We are using this API internally in our own fork and we did catch several missing Serde instances while developing.

This work reads over #46 and makes the opinionated assumption that a type safe (by default) version is more idiomatic.

We also provide the implicit transformations in a pluggable fashion (see the derivations package) with a default SerdeDerivations object containing them all.

debasishg · 2018-02-20T19:17:44Z

Thanks for the PR. It will take some time to take a look at the full implementation. In the mean time some thoughts that spring to my mind after a brief round of skimming ..

Regarding the implicit final classes in ImplicitConverters, what advantage do I get instead of using plain old implicit conversions as in the current implementation ? I do understand they are value classes and hence don't impose any object level overhead. Just trying to understand why we need them instead of using plain implicits.
Can u please include a test case (may be update an existing one) to demonstrate the usage when I want to use serdes in a mixed way. e.g. the way it's done at https://github.com/lightbend/kafka-streams-scala/blob/more-serde/src/test/scala/com/lightbend/kafka/scala/streams/StreamToTableJoinScalaIntegrationTestImplicitSerdes.scala#L85. The Joined argument in leftJoin takes 3 serdes - I provide an implicit that gives 2 of them. The other one will be taken from default config.
Also can u please add some snippets (may be in the test cases) demonstrating the mixed mode usage of serdes (both from provided implicits and from default config). 2 is a special case of this for the Joined abstraction.

Thanks again for the PR. We will take a look soon.

ssaavedra · 2018-02-21T15:54:06Z

Thank you for the comments.

About the use of implicit final you are right, and according to SIP-15 all value classes should be implicitly considered final.
About the second point, you remind me that I should add a test case for the .unsafely { } API, and you are right even though you didn't say it like that 🙂
Also, I can amend the test case you mention to include the .unsafely API call demonstrating the use of mixed serdes as something you can "opt-in" but is not there by default.

But regarding the rest, this approach assumes you don't want to use the default serdes (by default). My reasoning is that you don't gain anything by using the default serdes because the type system should find your implicit value for the appropriate one, and if it doesn't, then it should probably not compile, because otherwise you'd be using an inappropriate serde. We can discuss this point further if you want.
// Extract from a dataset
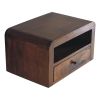 Chunky Chestnut 1 Drawer Wall Mounted Nightstand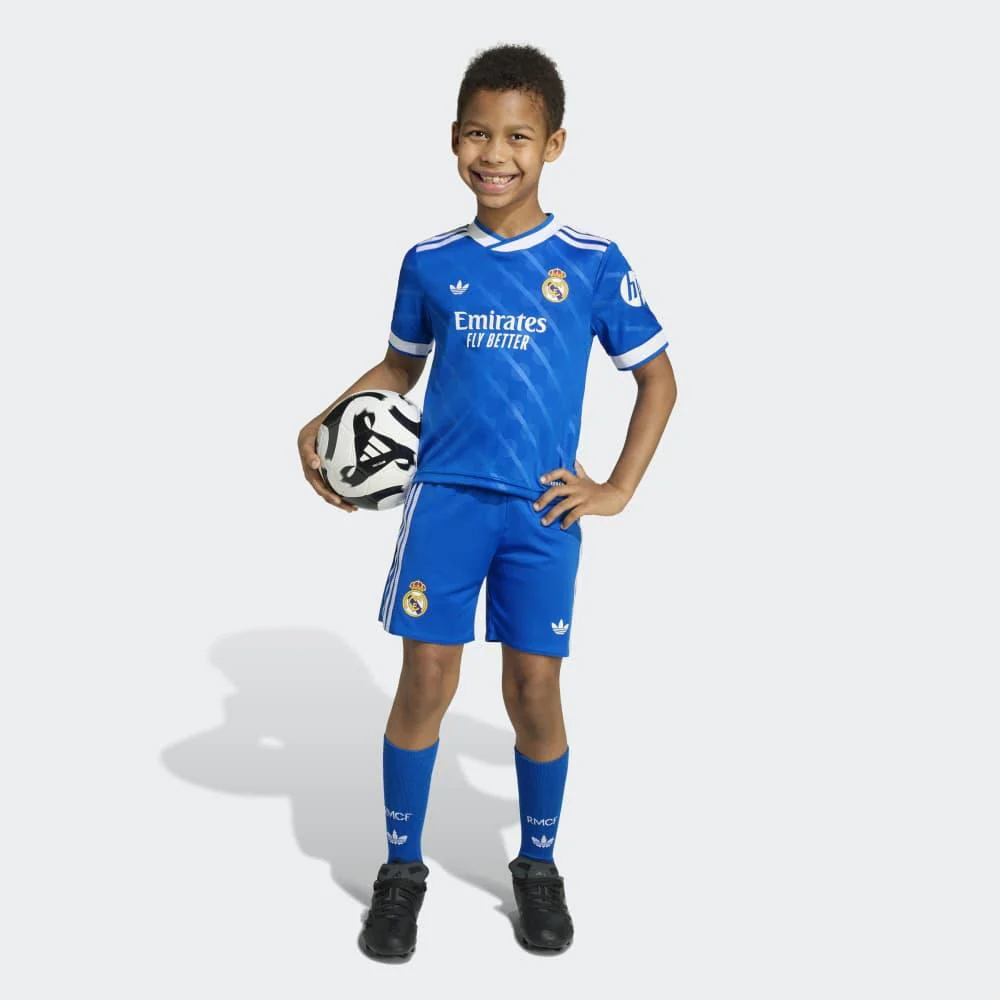 adidas Minikit Niño 3ª Equipación Real Madrid 25-26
A different approach is the one you've been implementing, using the Perhaps[T] mechanism to allow for unexistent implicits, but such approach creates runtime exceptions where there could be compile-time errors, and I think that's the main point of divergence in our respective points of view.

Another case could be made with a more heavy wrapper that could contain path-dependent types including the default serdes types, and use such default serdes only if no implicits are provided (or otherwise keep the default serde instances around and inject them as the explicit serdes), I'm not sure if my wording is clear. Something along the lines of this

class AlternativeImplementationForKStreamS[K, V, DefaultK, DefaultV](inner: KStream[K, V],
                                           defaultKSerde: Serde[DefaultK],
                                           defaultVSerde: Serde[DefaultV]) {
      def mapValues[VR](f: V => VR)
                       (implicit materialized: Materialized[K, VR]) = ???
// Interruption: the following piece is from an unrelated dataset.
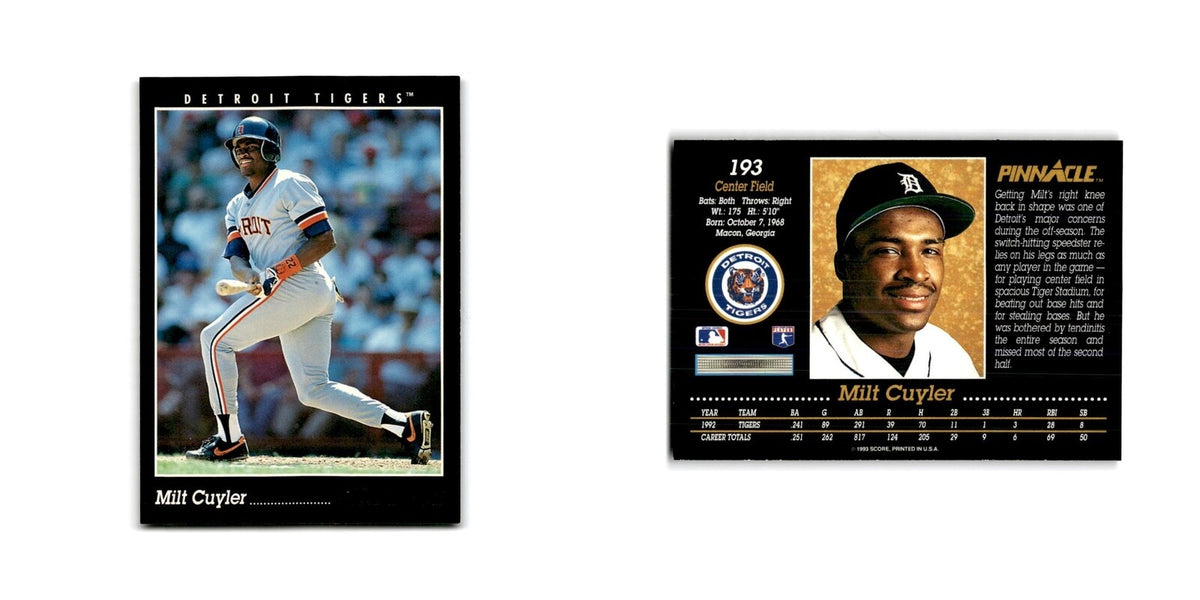 Milt Cuyler 1993 Pinnacle #193 Detroit Tigers Baseball Card NM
      def mapValues[VR](f: V => DefaultV)
                       (implicit ev: DefaultK =:= K) =
        mapValues(f)(materializedFromSerde(defaultKSerde, defaultVSerde))
    }

I look forward to your comments on this. I'll push a new commit on the PR soon.

Also, thanks for taking a look at this!

ssaavedra · 2018-02-21T16:56:21Z

You made me think that you can indeed still break my API if you provide an explicit Joined (or Materialized) instance without all the correct parameters. Maybe a typesafe.Joined wrapper could be put into place, that would disallow such behavior. But I was expecting implicits to be only used implicitly.

However, as I demonstrate in one of the example/tests, you can always provide your own Joined/Materialized/etc instance and they will be used instead (i.e., "implicit" parameters can still be provided explicitly if you want to). And if you do, then you can break the typesafe isolation.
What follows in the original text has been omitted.